IL n'arrivait pas à le rattraper, PUTAIN, OU EST-CE QU'IL A APPRIS A COURIR AUSSI VITE, EH MONSIEUR, MONSIEUR ? Je vous dis ça, PARCE QU'IL ME FAUT OBTENIR 50% POUR RETROUVER MON POUVOIR D'ACHAT DES ANNEES PRECEDENTES. Merde, il ne m'entend pas. IL FAUDRA BIEN QU'IL LE SACHE, CE GOUVERNEMENT, IL FAUDRA BIEN QU'IL TOMBE...
IL s'arrêta.
Complètement essoufflé.
- QUEL GOUVERNEMENT ?
IL, de nouveau, eut mal au ventre.
- JE T'AI DEJA DIT QUE TU DOIS TE RETENIR. EMMURE TES PENSEES. QU'ON NE LES VOIT PLUS ! UN POINT C'EST TOUT. COMBIEN DE FOIS FAUT-IL TE LE REPETER ?
- Oui, maman, je vais faire le vide. J'ai beaucoup trop mal. Ça me fout des angoisses. Il y a trop de bruit en moi. Je vais me mettre au diapason. Tu as raison, je m'épuise pour un rien, ma patience est à bout.
IL baissa la tête, dit AU REVOIR, A DEMAIN aux absents.
Et un immense sparadrap de silence scotcha la ville de plâtre.
vendredi 11 février 2005
Lezennes Mail Cirkus 83

Et l’amour qu’est-il devenu ? Un simple essayage d’accoutrements. Une mode qui court sur les falaises. Une marchandise encombrante dans la bonne marche des corporations. Des corps et des regards vides dans le souk des corbeilles informatiques.
jeudi 10 février 2005
Lezennes Mail Cirkus 82

Eh bien galopons ! Mais avant toute chose, essayons de savoir si nous nous ne sommes pas trompés de monture ! Je me vois mal en cavalier de l’apocalypse.
mercredi 9 février 2005
Lezennes Mail Cirkus 81

Quelle force nous guide pour que nous roulions à ce point dans la boue ? Sans aucune considération pour nous-mêmes.

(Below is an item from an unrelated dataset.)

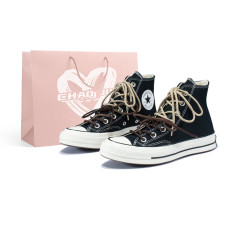 Converse Chuck 70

Sans même savoir qui nous sommes. La vitesse des événements nous entraîne toujours à galoper dans le sens du big mag Cirkus.
mardi 8 février 2005
Lezennes Mail Cirkus 80

L’argent n’a jamais été le moteur principal dans notre vie : il nous a simplement manqué. Mais nous avons complètement oublié que nous avions été mis à prix. A la baisse, naturellement.